A male solo started off the work in silence. It shuttled between formal dance movement, sudden drops with released flings of the arms and club style boogie; sensual, animalistic and jarring all at once. It set the tone for what was to come.
Soon the stage started filling up with dancers and the music – deep bass sounds, random beats and what sounded like metal scrapping against each other – became louder. Collectively the large group of fourteen dancers shifted the space furiously with power packed movements originating from the torso. Curves of the spine and strong abdominal contractions coupled with deep lunges and flailing arms energised the bare space. Costumes combined parts of t-shirts attached to corsets further emphasising the torso. In between movements, gestures that bordered on the lewd and rude such as sticking out the tongue at the audience or the whole group gathering and performing violent hip thrusts in fervent fashion seemed to want to illicit a reaction from the audience. But as soon as these dancers had built the energy to fever pitch, they would disperse and re-group in another space to perform another set of movements.

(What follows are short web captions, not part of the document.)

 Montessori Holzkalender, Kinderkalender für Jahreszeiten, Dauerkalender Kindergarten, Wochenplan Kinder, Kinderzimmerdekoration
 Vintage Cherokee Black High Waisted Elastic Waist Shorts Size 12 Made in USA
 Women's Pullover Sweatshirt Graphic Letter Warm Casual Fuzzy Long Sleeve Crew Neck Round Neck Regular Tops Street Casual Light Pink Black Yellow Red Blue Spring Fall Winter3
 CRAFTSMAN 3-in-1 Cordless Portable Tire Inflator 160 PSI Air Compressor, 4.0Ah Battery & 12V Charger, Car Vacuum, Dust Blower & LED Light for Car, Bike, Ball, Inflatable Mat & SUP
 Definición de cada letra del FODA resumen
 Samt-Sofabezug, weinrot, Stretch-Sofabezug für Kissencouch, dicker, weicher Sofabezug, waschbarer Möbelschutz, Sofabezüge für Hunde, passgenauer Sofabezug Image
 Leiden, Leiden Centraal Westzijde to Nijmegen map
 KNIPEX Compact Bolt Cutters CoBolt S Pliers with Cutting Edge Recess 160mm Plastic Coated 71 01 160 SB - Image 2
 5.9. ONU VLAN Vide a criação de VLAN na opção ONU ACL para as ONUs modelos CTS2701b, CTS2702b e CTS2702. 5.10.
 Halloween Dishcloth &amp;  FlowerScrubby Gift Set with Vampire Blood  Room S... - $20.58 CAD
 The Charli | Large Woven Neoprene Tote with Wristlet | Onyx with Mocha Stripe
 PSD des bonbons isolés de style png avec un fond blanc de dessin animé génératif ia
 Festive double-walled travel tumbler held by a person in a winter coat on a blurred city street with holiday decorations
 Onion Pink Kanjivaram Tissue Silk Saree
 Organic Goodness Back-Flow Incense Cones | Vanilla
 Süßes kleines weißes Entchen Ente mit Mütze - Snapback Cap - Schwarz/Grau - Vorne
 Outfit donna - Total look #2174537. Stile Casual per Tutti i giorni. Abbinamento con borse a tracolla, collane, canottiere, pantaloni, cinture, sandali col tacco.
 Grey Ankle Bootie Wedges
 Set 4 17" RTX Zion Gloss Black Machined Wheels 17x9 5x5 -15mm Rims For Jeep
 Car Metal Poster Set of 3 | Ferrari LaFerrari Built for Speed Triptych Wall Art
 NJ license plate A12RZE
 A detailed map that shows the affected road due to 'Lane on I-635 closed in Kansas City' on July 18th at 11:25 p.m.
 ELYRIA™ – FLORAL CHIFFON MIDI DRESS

And so the entire dance played out as such, this method of constant re-grouping and dispersal an obvious influence from choreographer Dam’s days as a dancer in the Merce Cunningham Company. Situations and scenarios deliberately chose not to build themselves to a state where things were obviously laid bare for the audience to decipher preferring to disintegrate as soon as they had gathered just enough steam. Dam’s strength was definitely spatial patterning and ordering as he effortlessly combined and juxtaposed different movement phrases on various parts of the stage creating a visual cacophony that seemed chaotic but had an underlying order.
If one was expecting a climax and resolution one would have been sorely disappointed for the entire dance opted for a presentation style that jumped from one fleeting moment to the next, much like the way we jump from one app to another instantaneously on our smart phones. The energy on stage surged and pulsed, never freezing or stagnating, never reaching any obvious high points.
As a consequence of this, I was forced to concentrate quite hard on the happenings and was thus drawn close to the dancers. Very soon I realised I was not trying to understand why they stuck their tongues out at me or whether I should equate the hip thrusts to a lewd sexual innuendo, I had become attracted solely to the energy and dynamics these movements created; the dance had become an intimate investigation of bodily movement and function.
The dancers of the Hong Kong Academy for Performing Arts gave it their all though their dancing had a slight rawness and lacked that sort of mature finesse demanded of professional dancers. Still, one must remember that the academy is ultimately a professional training school and thus their efforts were very laudable.
Of special mention was male dancer Huen Tin Yeung (he was the male dancer who opened the show with the solo). He shone throughout the work, confronting confidently (without being too eager) when required, then relaxing effortlessly into more private, voyeuristic realms in between well executed steps.
Also eye catching was Sun Gongwei whose solid Chinese Dance background provided him with the basis to move clearly and powerfully though some spinal subtleties were lost when he exerted too much force during movement execution.
[Black Square] was not a work that illicited emotional ‘oohs’ and ‘aahs’, in fact I do not think it intended to. It was not one that attempted to sweep me off my feet. This work ended up feeling intimate and quiet, its intentions slipping fluidly between referencing fragments of daily situations and a logical analysis of the body and its physical possibilities. It was full blooded in its energy no doubt, yet it managed to stay restrained and calmly detached.